Y, retrocediendo un siglo atrás de nuevo, llegaba la enigmática Sinfonía núm. 4 en si bemol mayor, op. 60 (1806) de Beethoven, paradigma más que evidente de esta dualidad en torno a la forma de componer que puede ir desde lo establecido a lo innovador, desde lo predecible a lo inesperado, desde lo amable hasta lo impulsivo... con absoluta franqueza. Martín optó por una ejecución correcta, deleitándose en momentos donde la orquesta brillaba con especial sonoridad complaciente. En el Adagio decidió enfatizar los acordes más ásperos aunque no sobremanera, o ya en el cuarto movimiento (Allegro ma non troppo) optó por remarcar el carácter sinuoso de la melodía e imprimir mayor carga expresiva a través de la agitación conseguida por enérgicos contrastes de intensidad o agilizar las melodías, finalizando la obra como una gran eclosión.

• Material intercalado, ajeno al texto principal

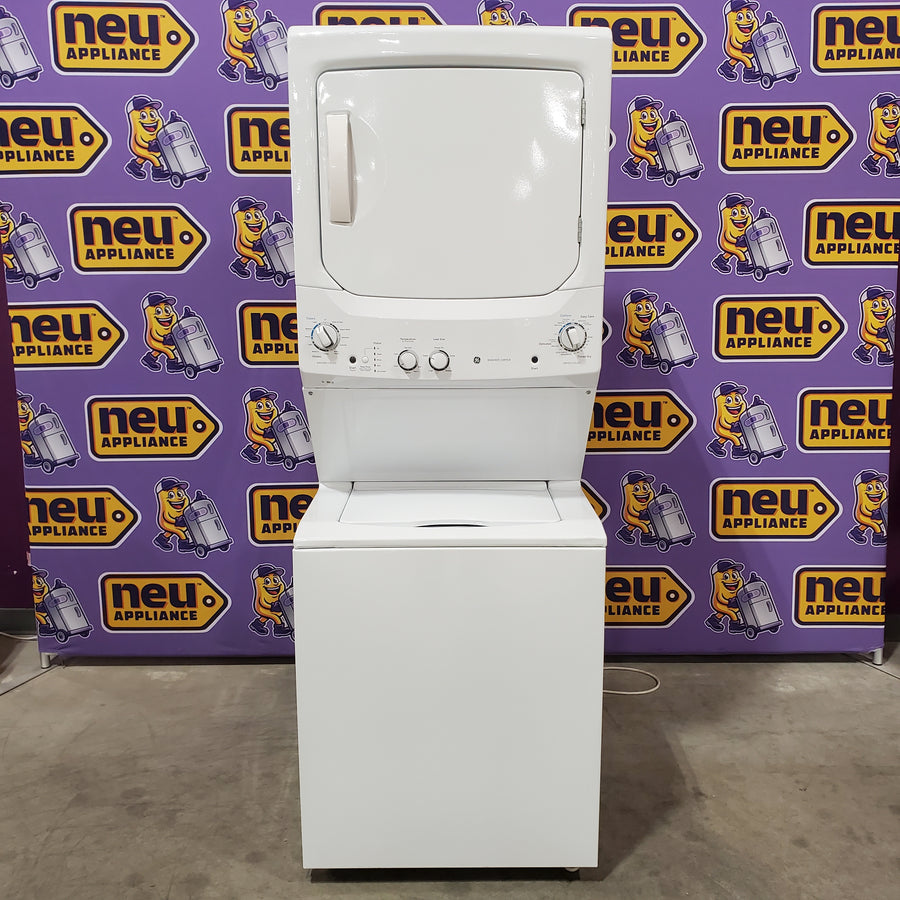 GE Unitized Spacemaker® 3.8 cu. ft. Capacity Washer with Stainless Steel Basket and 5.9 cu. ft. Capacity Electric Dryer 05121102 - GUD27ESSMWW - Certified Refurbished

Semejó ser este un concierto de confrontaciones y demostración de habilidades, de intentar superar escollos que finalmente no fueron ni tan resueltos ni tan temerarios. El santanderino Jaime Martín quiso afrontar el riesgo que conllevaban las obras más contemporáneas de la primera parte y se deleitó en el estado de confort que le reportaba la Cuarta, eso sí, no con la misma habilidad ni determinación. La rigidez de sus ademanes en la obra de Torres, donde la orquesta facilitó en gran medida su dirección, se vio apoyada en la obra de Weill con la presencia de Marwood, que sirvió de respaldo para Martín y que exteriorizó al final de la ejecución fundiéndose en un desahogado abrazo con el inglés. No así aconteció en la segunda parte, donde la tensión anterior dio paso a la realización de gestos holgados y amplios, evidencia del propio disfrute y agrado del director.
No quisiéramos, por otra parte, dejar de elogiar a la orquesta y en especial a la sección de percusión, que satisfactoriamente resolvió un recital de grandes exigencias técnicas a lo largo de las tres obras.